Friday, November 14, 5:00 to 6:30pm, Property: Hyatt Regency Seattle, Floor: 7th Floor, Room: 710 - Regency Ballroom

Abstract

The demand for special education teachers has been steadily increasing, yet there is a significant shortage, particularly in schools with a high percentage of low-income and minority students (Billingsley & Bettini, 2019; Boyd et al., 2003; Hanushek, Kain, & Rivkin, 2004; Mason-Williams et al., 2019; Peyton et al., 2021). According to compensating wage differential models, qualitative job characteristics such as safety, working conditions, and the proportion of nonwhite students can influence teachers' decisions to work at certain schools (Boyd et al., 2003; Chambers, 1981; Goldhaber et al., 2010; Levinson, 1988; Martin, 2010; Rosen, 1974). Poor working conditions are a major driver of teacher turnover and can significantly hinder the effectiveness of special education instruction (Albrecht et al., 2009; Bettini et al., 2016; Johnson, Kraft, & Papay, 2012; Mason-Williams et al., 2019; Simon & Johnson, 2015). 

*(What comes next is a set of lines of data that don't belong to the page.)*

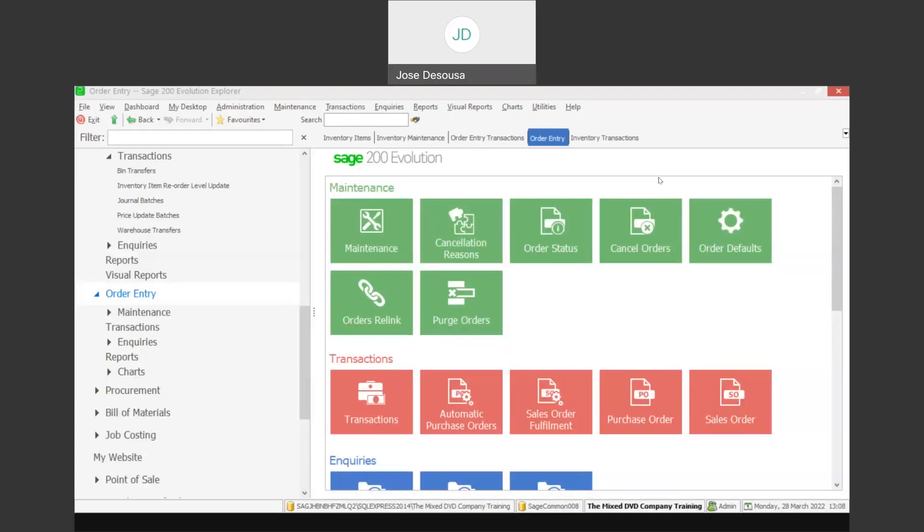Greetings viewers and welcome to today's info sharing session. We'll be covering the merging of documents feature within SageTron Devolution. The merging of documents is a useful feature specifically in the purchasing order cycle. For example, when you place an order with your supplier and the supplier delivers the goods in different intervals, and then submits one invoice for the multiple deliveries, you can efficiently use the merge documents feature.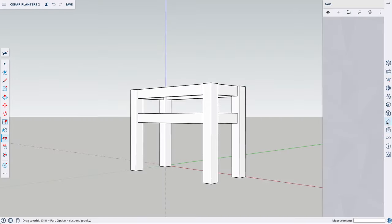That concludes the SketchUp tutorial. I hope you guys found this helpful and learned a thing or two. Thank you so much for watching — I'll see you in the next video.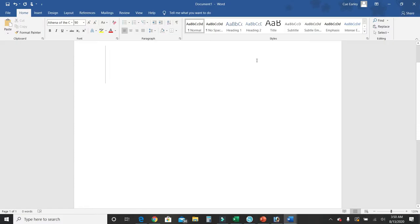Once you have your Word document open, let's go ahead and type in some text that you would like to convert to a picture.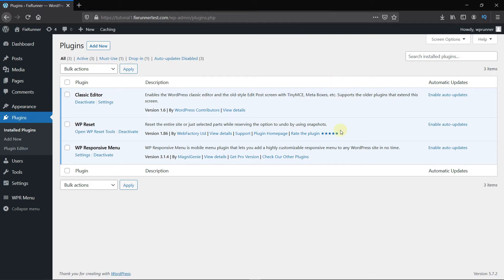First, you need to install and activate the WP Responsive Menu plugin. I've already installed it, but if you need help installing a plugin on your website, we have a video explaining how to install a plugin. I'll link it in the description below.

Our study focuses on the following three research questions: (1) How does the current salary structure compensate special education teachers working in schools with higher proportions of economically disadvantaged, minority, special education, or limited English proficient students (LEP)? How does this compensating wage differential evolve over time? (2) To what extent do student demographics such as higher proportions of low-income, minority, special education, or LEP, reflect the broader challenges in working conditions, including student tardiness, absenteeism, and lack of parental involvement? (3) How do compensating wage differentials for all teachers, including special education teachers, vary based on working conditions as identified through the principal component analysis from Research Question 2? 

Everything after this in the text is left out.